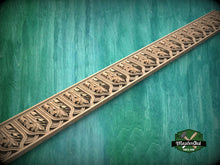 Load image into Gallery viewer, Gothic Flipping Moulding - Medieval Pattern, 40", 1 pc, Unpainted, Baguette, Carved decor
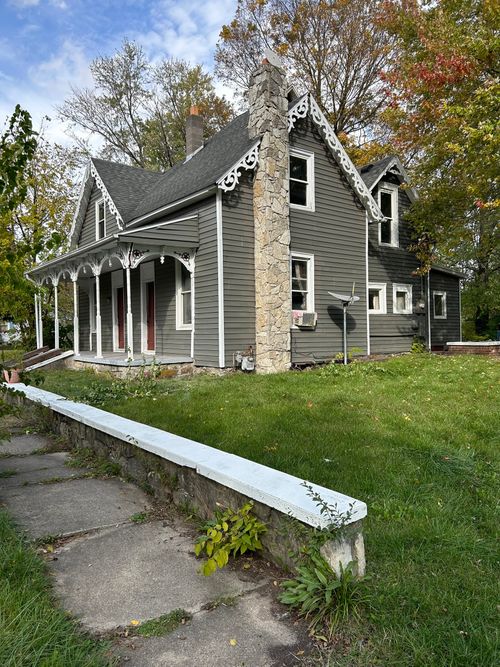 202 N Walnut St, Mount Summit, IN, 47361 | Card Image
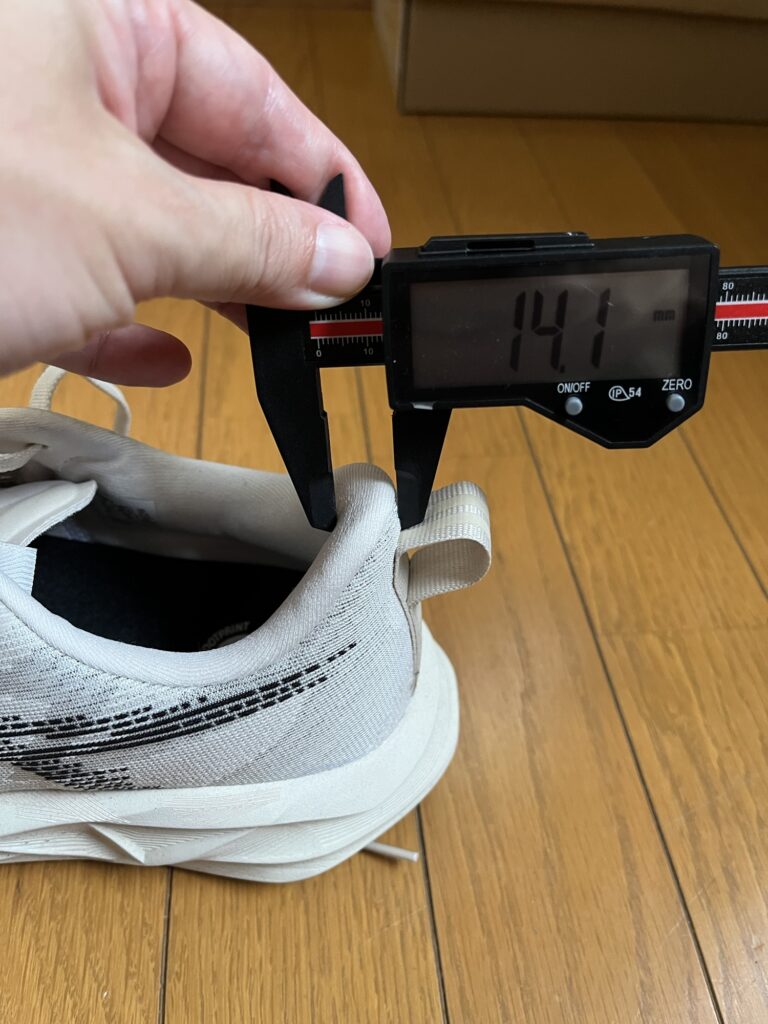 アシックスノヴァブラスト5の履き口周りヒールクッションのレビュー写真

### Aim of the task
Reproduce the lines above letter for letter. The pictures stay behind.

### Written answer
 Load image into Gallery viewer, Gothic Flipping Moulding - Medieval Pattern, 40", 1 pc, Unpainted, Baguette, Carved decor
 202 N Walnut St, Mount Summit, IN, 47361 | Card Image
 アシックスノヴァブラスト5の履き口周りヒールクッションのレビュー写真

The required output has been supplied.